* [Work instruction] Copy nothing from the entries below except the lines from the one containing "Caneca Máscaras Slipknot - 1" through the one containing "Couvercle STIHL 40037139701", and copy those exactly.

* [Material for this task]
================
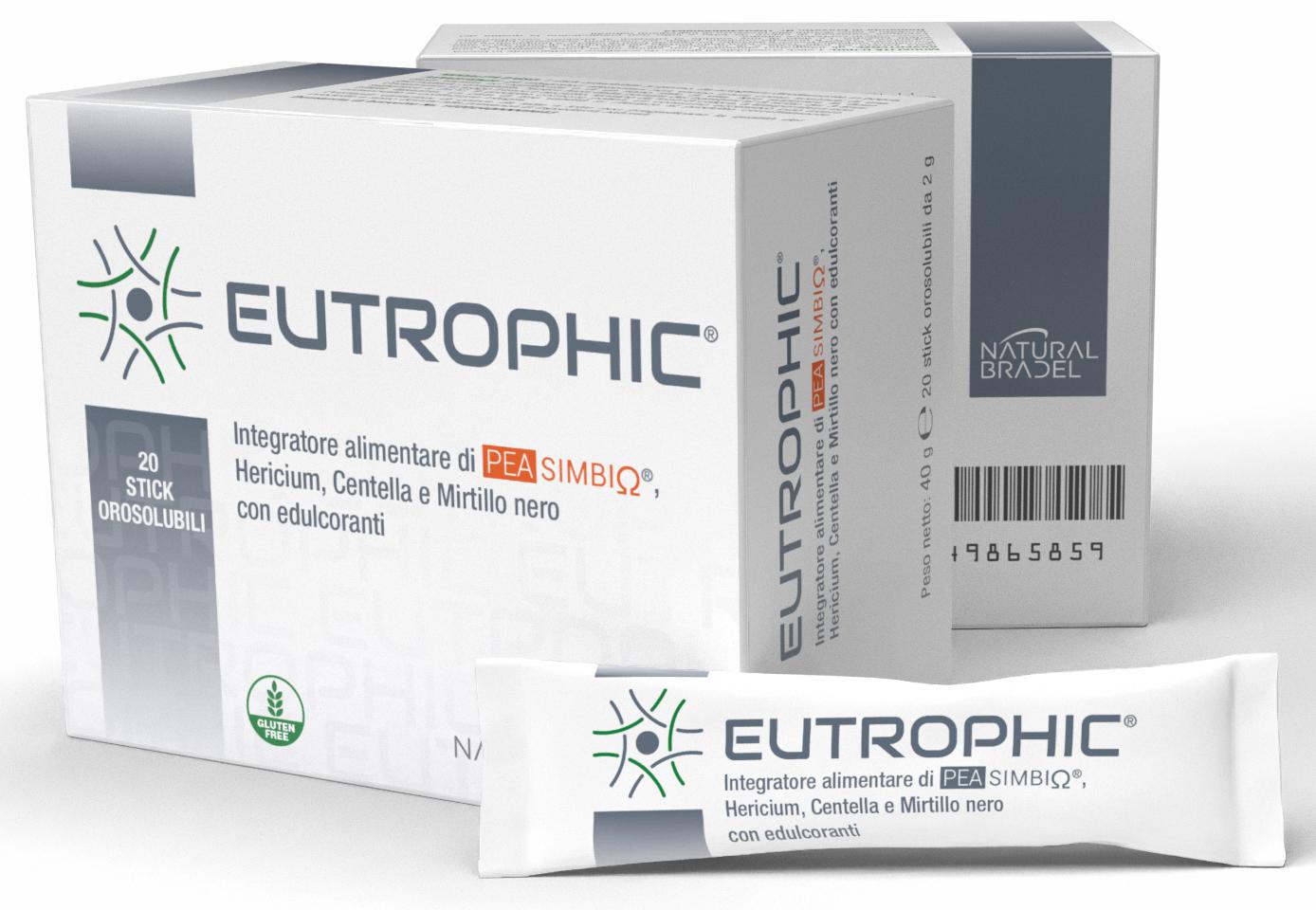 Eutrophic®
================
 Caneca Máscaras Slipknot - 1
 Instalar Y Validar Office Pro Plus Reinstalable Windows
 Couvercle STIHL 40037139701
================
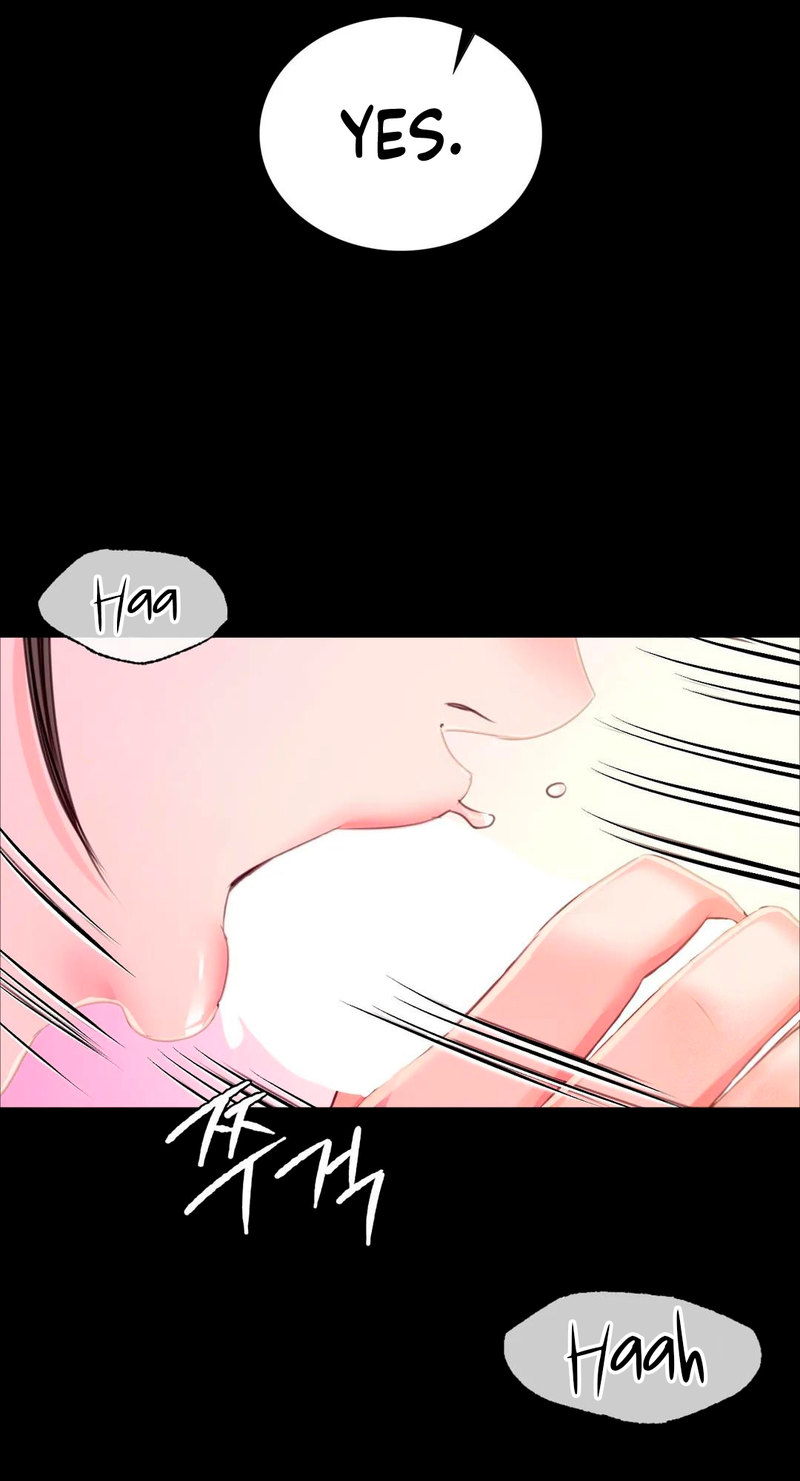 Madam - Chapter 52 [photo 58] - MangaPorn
================
* [Task result]
 Caneca Máscaras Slipknot - 1
 Instalar Y Validar Office Pro Plus Reinstalable Windows
 Couvercle STIHL 40037139701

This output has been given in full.